Organisaties waarvan de financiële verantwoording onderdeel is van de jaarrekening van het Land

De financiële administratie voor alle diensten en het vast college van advies wordt centraal bijgehouden door de Directie Financiën. De financiële verantwoordingen van de diensten en het vast college van advies maken onderdeel uit van de jaarrekening van het Land. Hiermee is het afleggen van verantwoording over de diensten en het vast college van advies in opzet voldoende geregeld.

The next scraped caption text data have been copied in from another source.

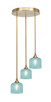Toltec Lighting - 2143-NAB-4615 - Three Light Pendalier - Empire - New Age Brass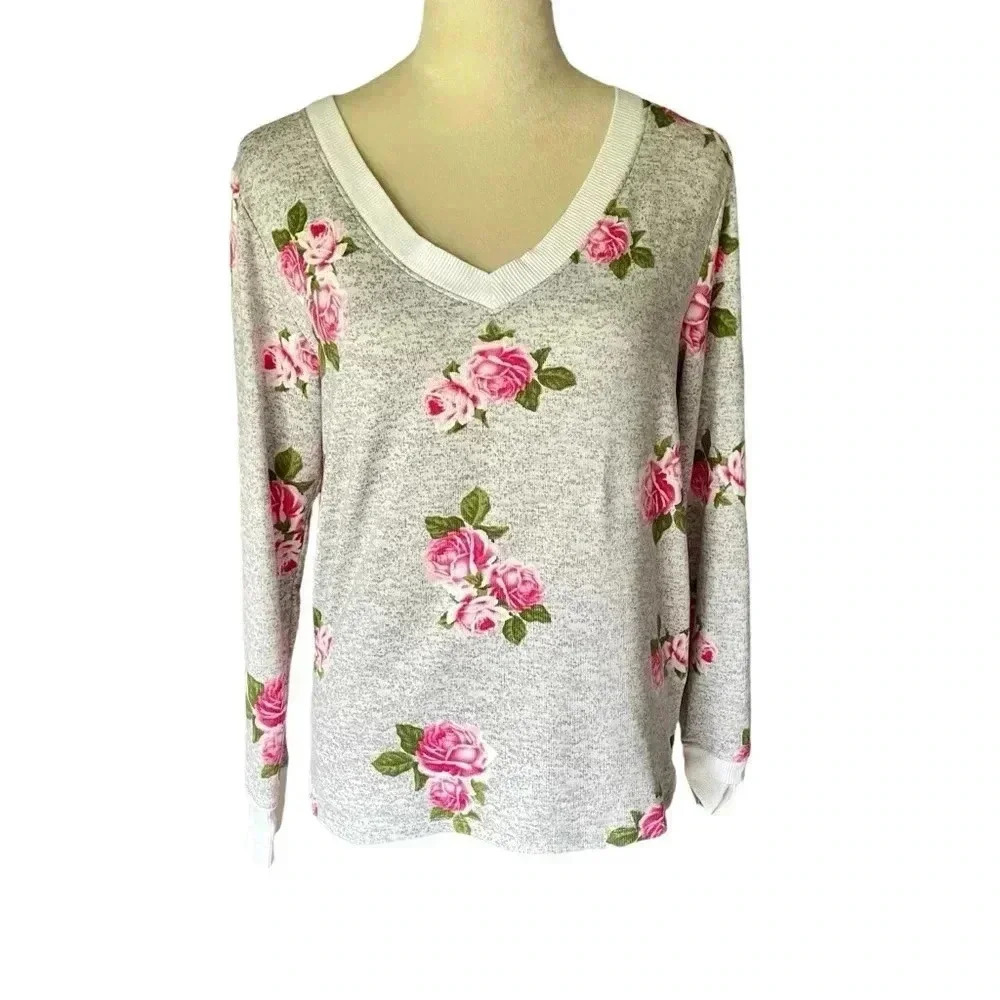 Betsey Johnson Floral Pink Gray Neutral Long Sleeve Sweater Women Size M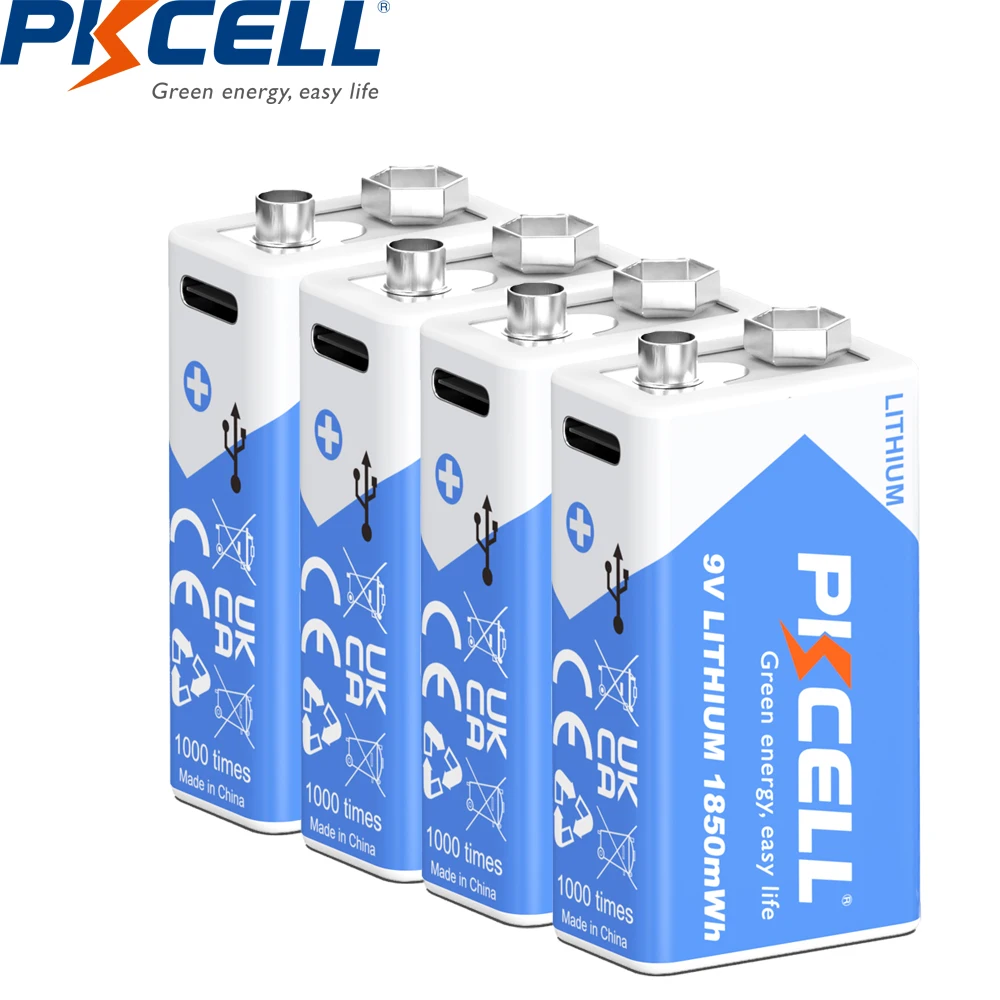 

4 шт. PKCELL 9 В литий-ионная аккумуляторная батарея 1850 МВтч Type-C батарея 9 В USB для мультиметра, микрофона, игрушки, пульта дистанционного управления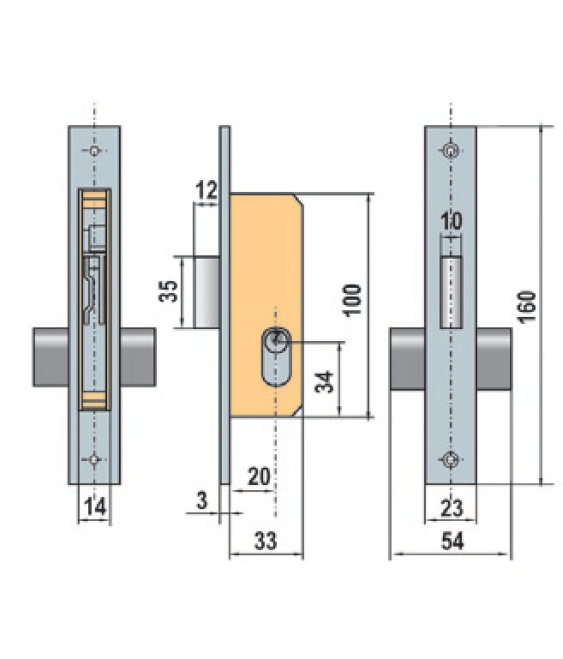 Cerradura embutir perfil estrecho palanca recta  ref. 5562-N LINCE - 1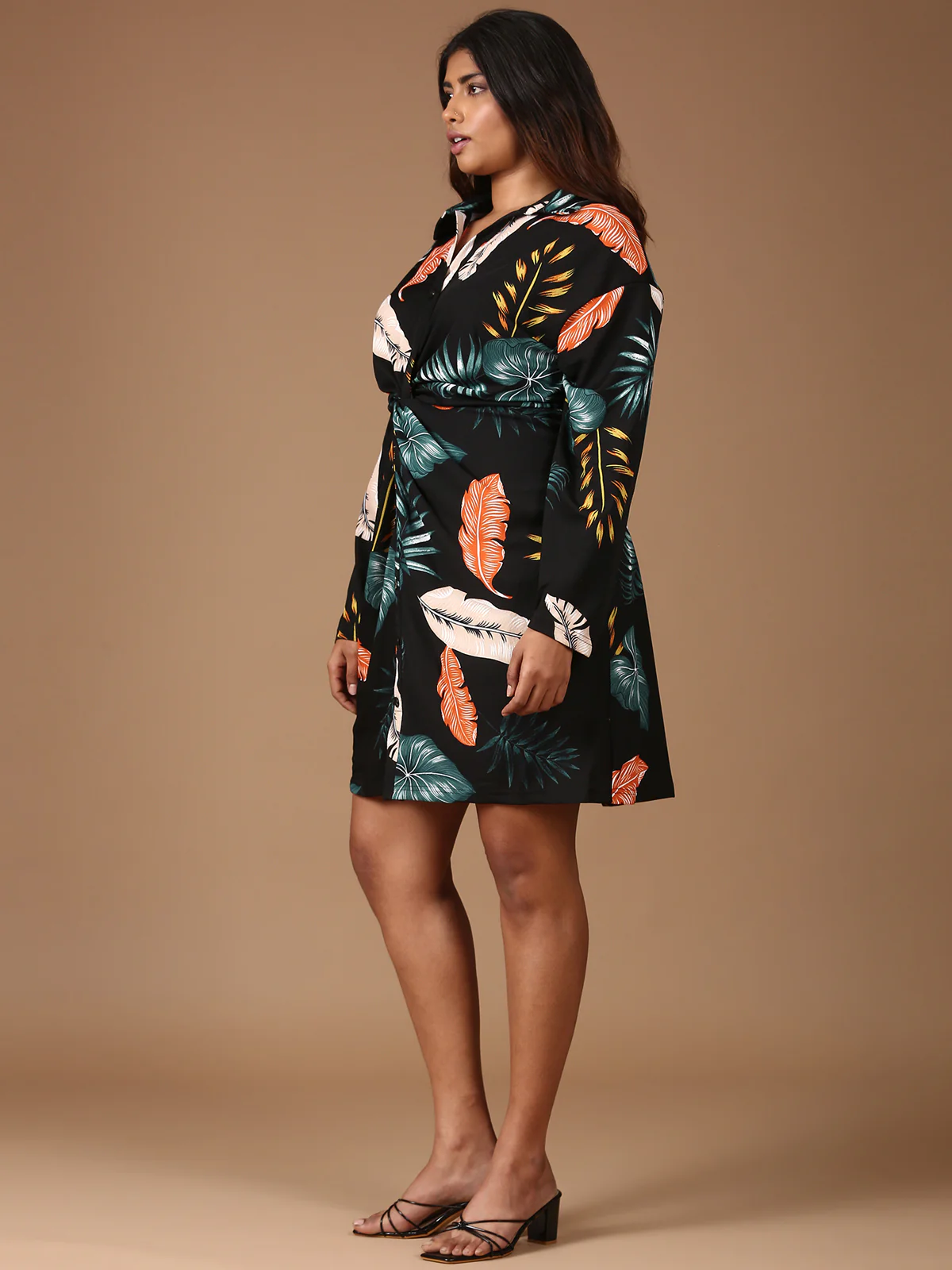 Women Black Printed Shirt Dress - Image 2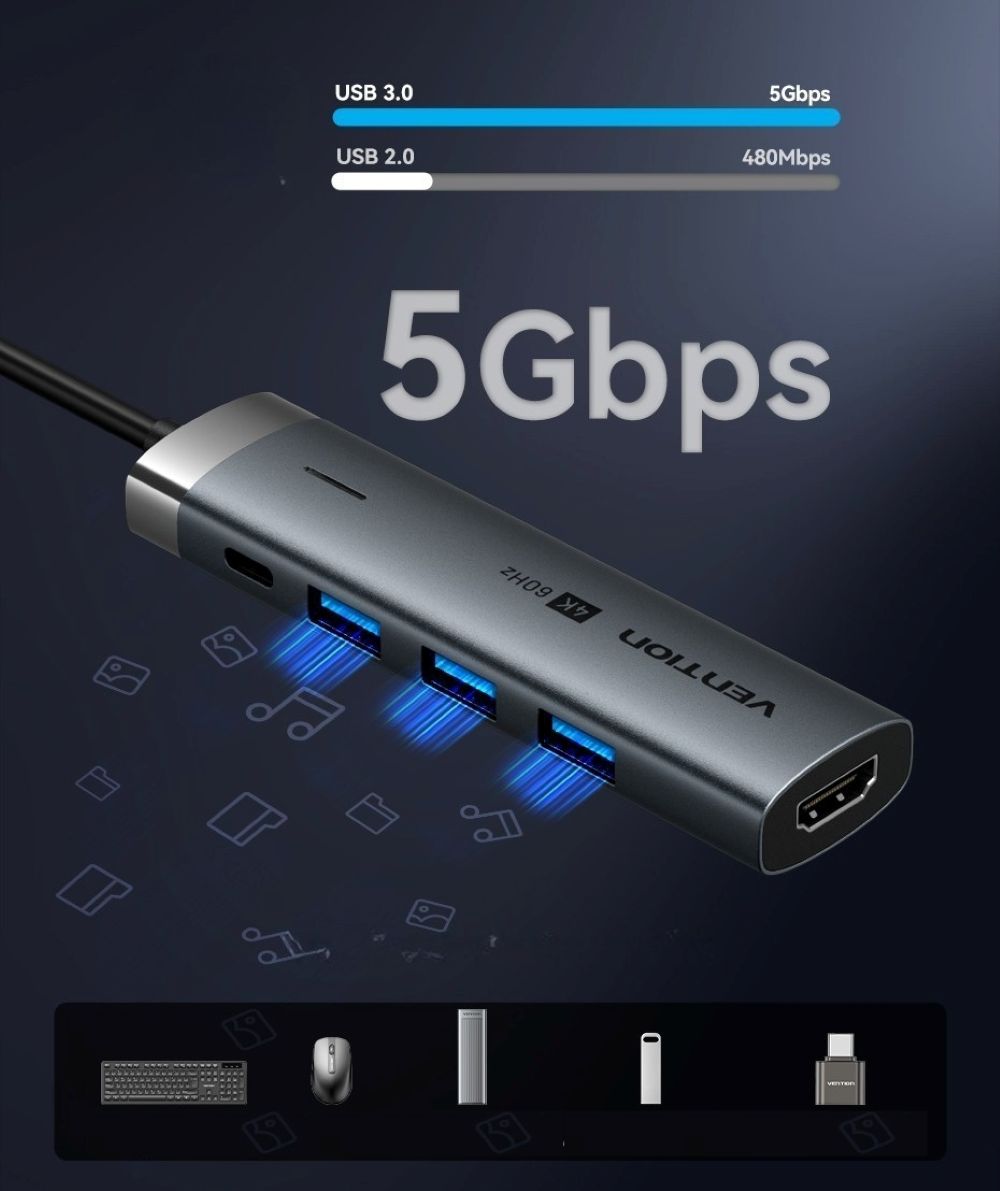 Stacja dokująca 5w1 Vention USB-C 100W PD 5Gbps 4K@60Hz srebrna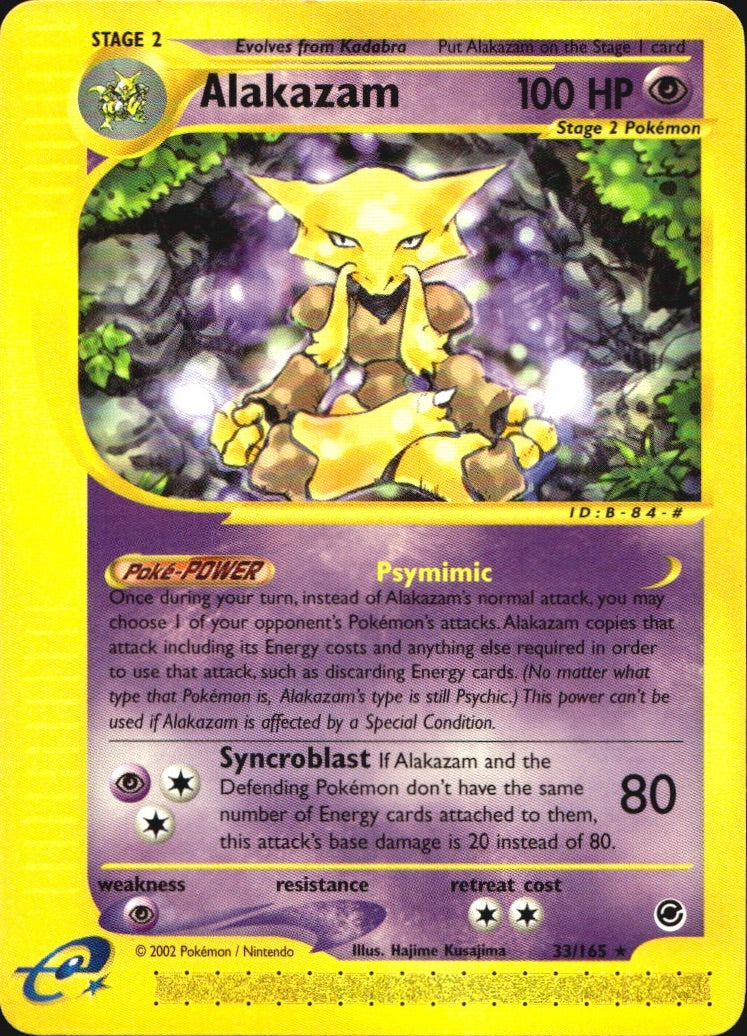 Alakazam 33/165 Rare Expedition Base Set Pokemon Near Mint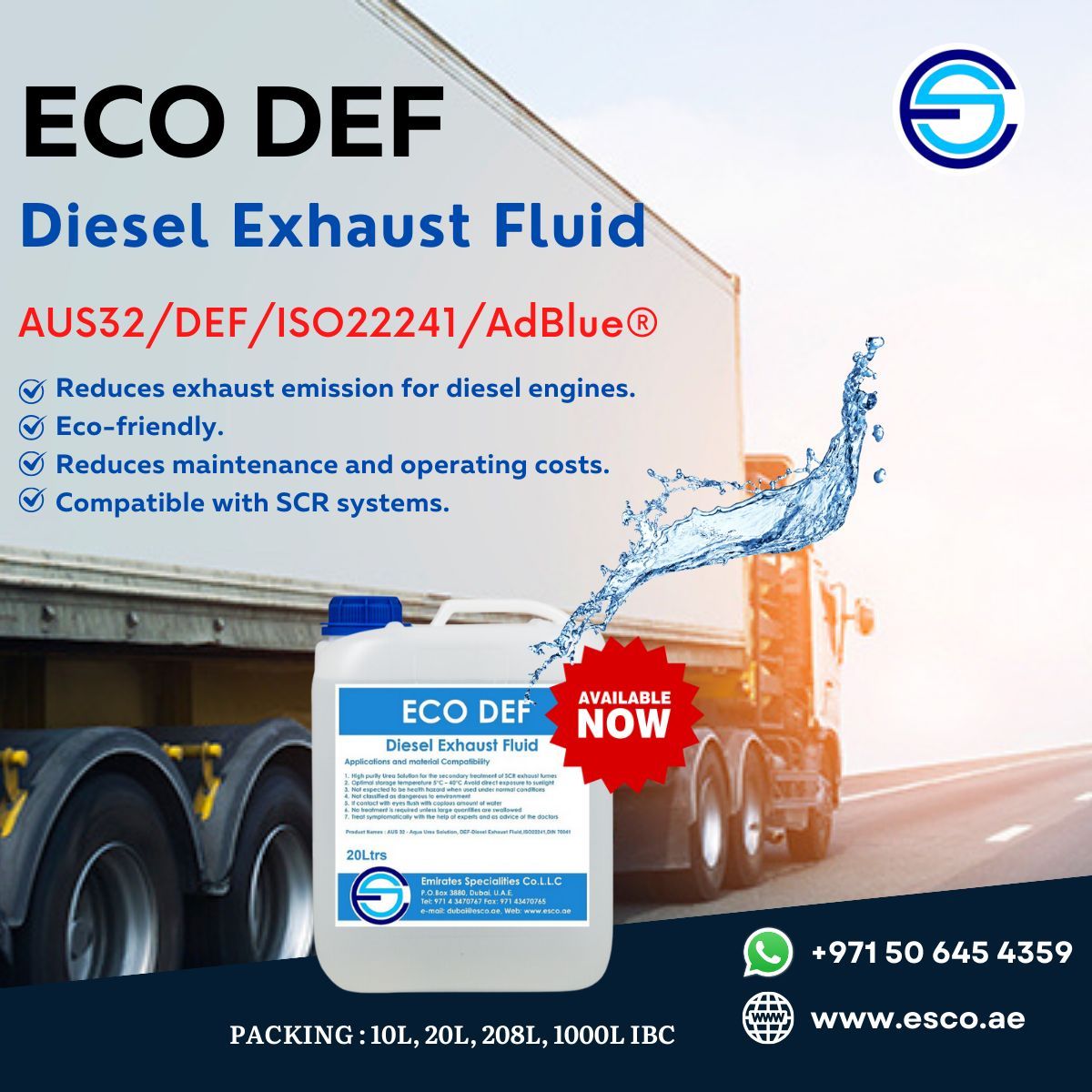 esco_spec's tweet photo. 🌿Drive Sustainability Forward with ECO DEF – Diesel Exhaust Fluid/AdBlue®!  

#Sustainability #DieselExhaustFluid #AdBlue #FleetManagement #GreenSolutions https://t.co/VrfSwrW2kh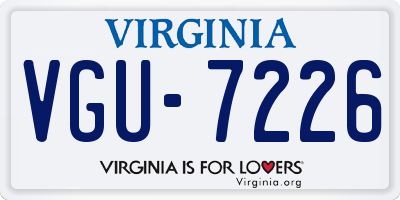VA license plate VGU7226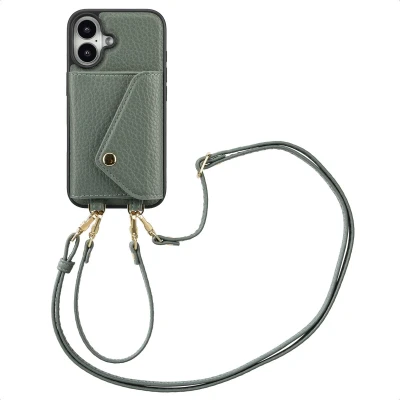 Afbeelding van Selencia Hoesje Geschikt voor iPhone 16 Met Pasjeshouder Sera Koordhoesmet pashouder envlop Groen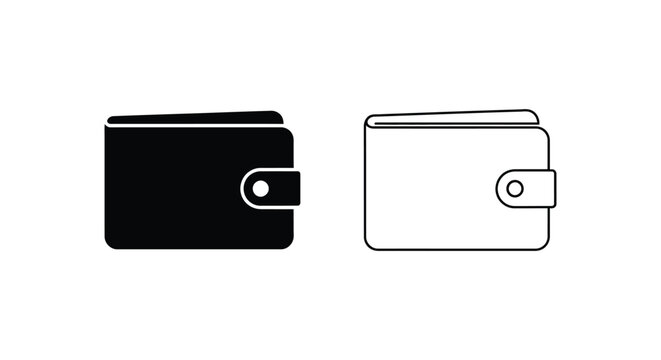 a black and a white wallet side by side Vector
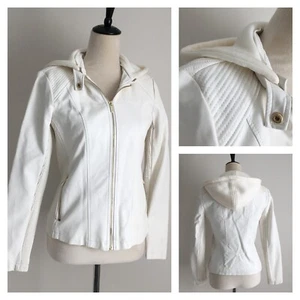 GBG Guess Womens sz Small Ivory Faux Leather Zip Pockets Rib Inserts Hood Jacket - Picture 1 of 13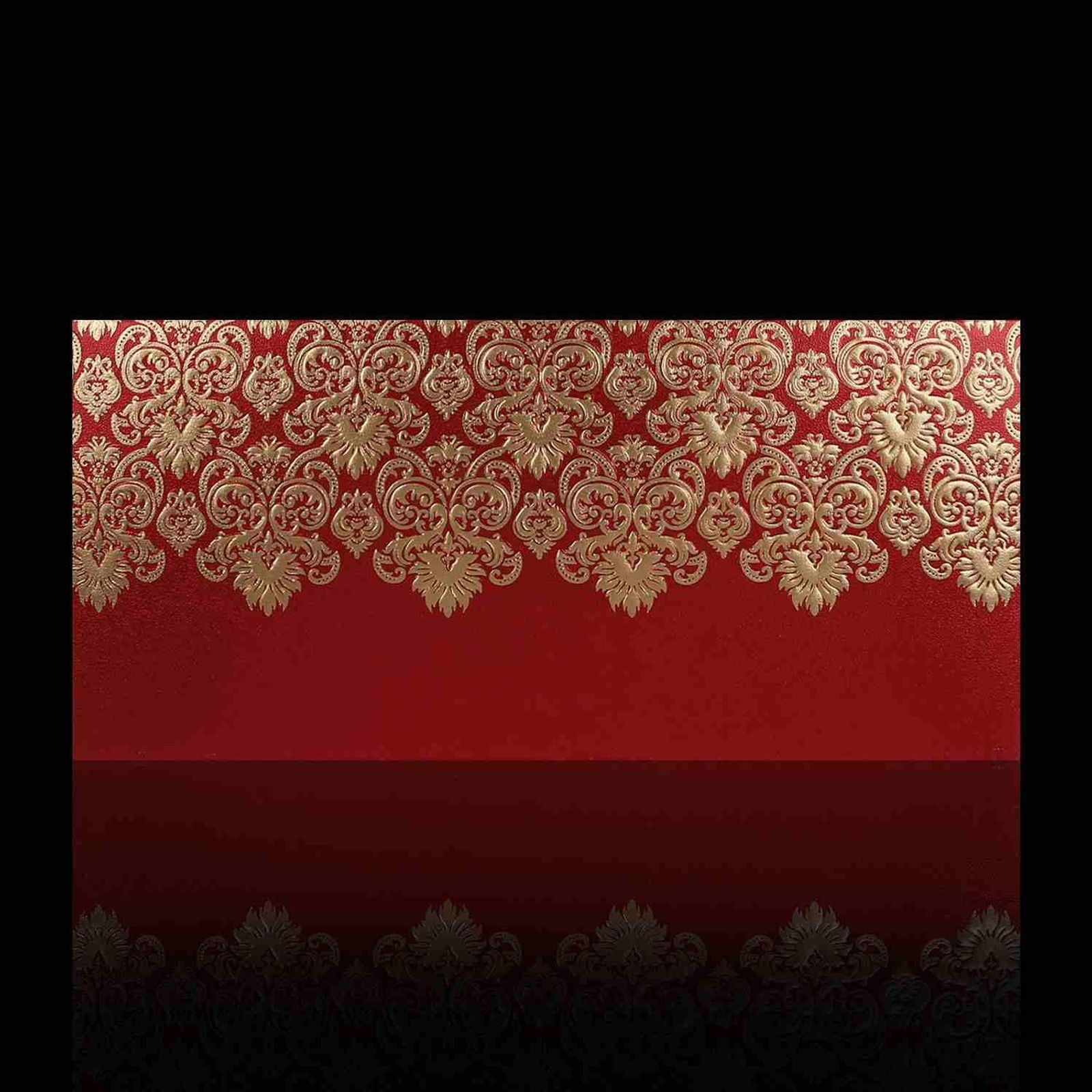 Classic Red Shading With Gold Foiling Blossom Theme Wedding Card - KNKZ02440-1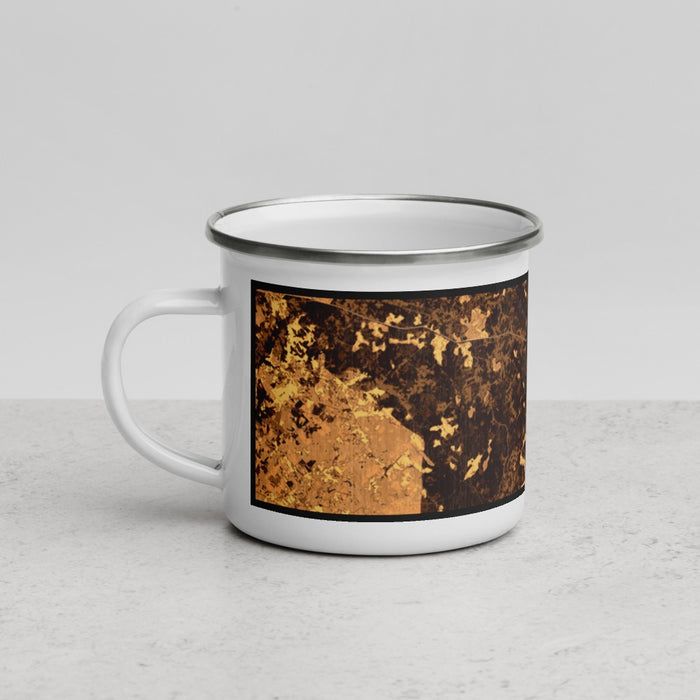 Left View Custom Lake Oconee Georgia Map Enamel Mug in Ember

Het Land kampt echter al jaren met achterstanden in het opstellen van de jaarrekening van het Land. De laatste door Directie Financiën aan de minister van FCU&E aangeboden definitieve jaarrekening is die over het jaar 2007. Binnen het project Verbetering beheer Land Aruba is een plan van aanpak opgesteld om de achterstanden met betrekking tot de jaarrekeningen uit het verleden weg te werken.

Subsidiegelden (gesubsidieerde instellingen)

Subsidie wordt verstrekt op basis van de subsidieregeling. In de subsidieregeling worden voorwaarden gesteld waaraan een gesubsidieerde instelling moet voldoen.

Eén van deze voorwaarden is het afleggen van verantwoording. Elk gesubsidieerde instelling is verplicht om een rekening van inkomsten en uitgaven van het afgelopen jaar op te stellen en deze in te leveren samen met de subsidieaanvraag. Aan de op te stellen rekening worden verder geen eisen gesteld.

De subsidieverstrekking door het Land en de verantwoording daarover aan de verantwoordelijke minister is bij wet geregeld.

Uit eerdere onderzoeken van de CAD en de Algemene Rekenkamer blijkt echter dat er eenduidigheid ontbreekt over de interpretatie van de subsidieregeling. De Algemene Rekenkamer constateert daarnaast in haar onderzoek naar de jaarrekeningen 2001-2004 dat er voor verlening van exploitatiesubsidie regels bestaan die nadere uitwerking behoeven en soms in strijd zijn met de subsidieregeling.

Tevens wordt aan de voorwaarde van indienen van een rekening over het afgelopen jaar niet door alle stichtingen voldaan. Ondanks dat deze instellingen niet aan deze voorwaarde voldoen, blijven deze stichtingen subsidie ontvangen. Ook worden er geen sancties opgelegd, terwijl de wet deze mogelijkheid wel biedt.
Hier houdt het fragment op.